Do you eat at a franchise restaurant or a mom & pop cafe?
I drive miles out of my way, past a Walmart, to shop at a locally-owned grocery store.
I love those new Sharpie retractable pens! I pay about a dime a dozen more for ‘em at the locally-owned office supply store.
The food’s better at the family-owned Mexican restaurant than Taco Bell.
CONs emote with rapture about the power of small businesses. But in real life they tend to eat at Applebee’s, shop at Walmart, and drink cola water instead of out of the tap.
From the Op-Ed:
“It is no accident that the recession ended just as Washington’s fiscal stimulus program began providing its maximum impetus to the economy. If the financial crisis had been allowed to continue unchecked by aggressive government action, we would not yet have reached a turning point.”
The tracker I found at Propublica shows today that only 36% of the stimulus package has either been spent or is in the process of being spent. The data required to say “recession over” lags behind so much that likely less than about 20% of the stimulus money was out of the hands of the money-changers in government at the time.
Hence I find little in the Op-Ed that has any kind of value. Looks like the NY Times is just cheer-leading for government spending and intervention yet again.
CONs emote with rapture about the power of small businesses. But in real life they tend to eat at Applebee’s, shop at Walmart, and drink cola water instead of out of the tap.
————–
Gosh did nayone else know about Monkey’s omnipresence? He sees you when your sleeping, he knows when you’re awake and where you’re eating. (Better eat those veggies) He knows where you’re shopping and what you drink. Monkey doesn’t just dream of being governor, he wants the Santa Claus gig.

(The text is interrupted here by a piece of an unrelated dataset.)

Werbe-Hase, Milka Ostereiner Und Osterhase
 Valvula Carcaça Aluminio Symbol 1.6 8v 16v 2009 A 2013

It is true that it is small business that employs the majority of people as a whole.
But all business depends on one factor…. Demand for their service or products.
There is only one way to increase small business and that is to extend the demand.
Not a easy thing to do and very few are large enough to effect the national demand.
The true gage of a recovery is not the demand on large business or the stock market.
It is the fast food market and those who depend on it for their business.
If the local planned Mc Donald or other fast food restaurant to be build is now on hold or forgotten.
The economy is not truly recovering, the over all employment is not either as these restaurants are the main services of the worker and their family. If you can not afford to eat at the fast food place you can not afford to do anything else that will help the economy.
“outlander” reads my inner thoughts –
“Monkey doesn’t just dream of being governor, he wants the Santa Claus gig.”
Wouldn’t work out.
I grew a beard a while back and didn’t like it all that much. And I prefer kitties over reindeer and that sled’s gonna go nowhere.
Further, I am not now — nor have I ever been — a candidate for Governor of the great State of Kansas.
So…
Do you have any comments relating to, y’know, this thread’s topic?
I thought not.
My, my, someone is having delusions of grandure this morining.